You know the sayings, "the glass is half empty or half full." I'd use one of those as my outlook on life right now, but somehow I'm stuck somewhere in between.
On one hand, I've always considered myself an optimist what with me having two perfectly good hands, arms, eyes, feet, etc. But on the other, there's all these problems with family and school. I really hate it. Shall I explain?
More than a month ago, my sister and I fought OVER MOTHERFUCKING text about something so unimportant I can't even recall all the details of why we were fighting. We both said a lot of nasty things though. things I'm sure we both regret saying. I'm pretty sure we're both over it (I am at least), but the only thing standing in our way is our damn big egos. I really miss telling her all my baggage though.
As for my parents, I don't know if it's just me being a brat or we really are getting on each other's nerves, but I snap so easily at my parents recently. It hurts me even more that I know I'm going to regret saying or doing whatever it is to my parents. I hate how independent I wish I was or want to be and yet all I really know how to do around the house is wash dishes and take out the trash. Even then I do it was disdain. All my parents really wanted me to do as a kid was study my ass off so I'd get a kickass education and not make an ass out of myself when I'm older.
Which brings me to why I fucking hate the UC system. Ugh, I feel like I totally just wasted $200 of my parent's money applying to schools that didn't even accept me. UCLA was one thing, since I really just did it "for the hell of it," but not getting into SD. Damn that hurt. I was really set on going there. I knew it was a hard school to get into, but fuck I really thought I had a chance getting in. Fuck my C's in school and that 1740 on my SATs. I didn't even get into SDSU. I feel like I totally fucked up on my application somehow. you know, maybe typed in caps "DON'T ACCEPT ME BECAUSE I WOULDN'T BENEFIT YOUR SCHOOL IN ANY WAY!!" or something like that. Really though, reading three rejections might have been too much for me to handle. That's why my only hope really is UCI. And I haven't heard from them in God knows how long.
Let me just firmly say that the UC system fucking sucks huge dick.

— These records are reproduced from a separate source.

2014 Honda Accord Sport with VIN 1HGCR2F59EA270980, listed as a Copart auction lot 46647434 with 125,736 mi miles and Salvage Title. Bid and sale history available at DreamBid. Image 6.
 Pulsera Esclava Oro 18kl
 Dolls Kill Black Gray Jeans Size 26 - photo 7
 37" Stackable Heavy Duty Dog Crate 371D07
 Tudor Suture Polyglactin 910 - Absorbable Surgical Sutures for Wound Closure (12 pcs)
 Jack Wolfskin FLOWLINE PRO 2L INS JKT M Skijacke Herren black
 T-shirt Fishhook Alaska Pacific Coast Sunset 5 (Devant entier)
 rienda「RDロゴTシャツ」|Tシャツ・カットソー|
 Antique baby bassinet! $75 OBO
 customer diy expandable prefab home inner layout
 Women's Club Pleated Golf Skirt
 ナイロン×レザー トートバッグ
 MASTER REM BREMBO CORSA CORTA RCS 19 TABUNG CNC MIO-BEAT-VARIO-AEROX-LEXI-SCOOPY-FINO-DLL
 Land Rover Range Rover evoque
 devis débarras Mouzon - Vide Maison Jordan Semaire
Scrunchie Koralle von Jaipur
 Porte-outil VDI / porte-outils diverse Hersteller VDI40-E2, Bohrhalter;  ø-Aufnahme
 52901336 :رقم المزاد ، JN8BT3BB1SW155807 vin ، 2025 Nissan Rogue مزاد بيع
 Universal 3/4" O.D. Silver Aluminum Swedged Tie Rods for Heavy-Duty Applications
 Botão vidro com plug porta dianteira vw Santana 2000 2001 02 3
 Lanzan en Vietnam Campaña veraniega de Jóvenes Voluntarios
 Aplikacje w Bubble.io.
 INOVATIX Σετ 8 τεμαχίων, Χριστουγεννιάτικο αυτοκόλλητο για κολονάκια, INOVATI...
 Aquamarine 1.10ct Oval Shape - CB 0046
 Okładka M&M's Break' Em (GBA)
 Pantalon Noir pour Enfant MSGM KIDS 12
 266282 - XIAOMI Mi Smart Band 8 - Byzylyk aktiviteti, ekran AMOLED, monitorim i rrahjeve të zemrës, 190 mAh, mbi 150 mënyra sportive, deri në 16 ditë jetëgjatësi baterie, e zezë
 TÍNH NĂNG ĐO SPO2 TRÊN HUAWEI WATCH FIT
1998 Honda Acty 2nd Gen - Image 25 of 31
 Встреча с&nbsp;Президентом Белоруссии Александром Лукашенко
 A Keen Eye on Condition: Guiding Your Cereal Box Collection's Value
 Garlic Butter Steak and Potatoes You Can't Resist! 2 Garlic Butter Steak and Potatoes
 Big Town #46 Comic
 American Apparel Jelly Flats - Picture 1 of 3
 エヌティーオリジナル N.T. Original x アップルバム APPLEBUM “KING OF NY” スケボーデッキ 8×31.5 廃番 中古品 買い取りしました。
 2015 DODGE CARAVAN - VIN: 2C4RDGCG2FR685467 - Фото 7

On a lighter note, going to retreat instead of Dustbowl was a fantastic choice. I got a lot closer to my kids, I felt good after doing my sharing, and I felt I spent my last confirmation retreat for a long time with some amazing people. I don't ever want to forget Nikole, Ashlee, Graham, Tiffany, John, Keith, Sofia, Sam, etc. Those kids are just too cool.
But it was also a bummer coming back to face three rejections. Really though, it was. I told my mom how I didn't want to go to school the following day and when she asked why I straight up told her, "I got three rejection letters." Then I started crying.
My mom's such a sweetheart. She went right into saying it was okay and trying to comfort me. Being the douche I am, however, I was giving her attitude about not getting into those schools and how I gave it my all (most of it anyway) and I was still rejected. It just doesn't make sense to me. I need to discuss this with my sister (if only I was talking to her.) I neeeeed to get into UCI. Like really bad.
I hate waiting patiently for something this important.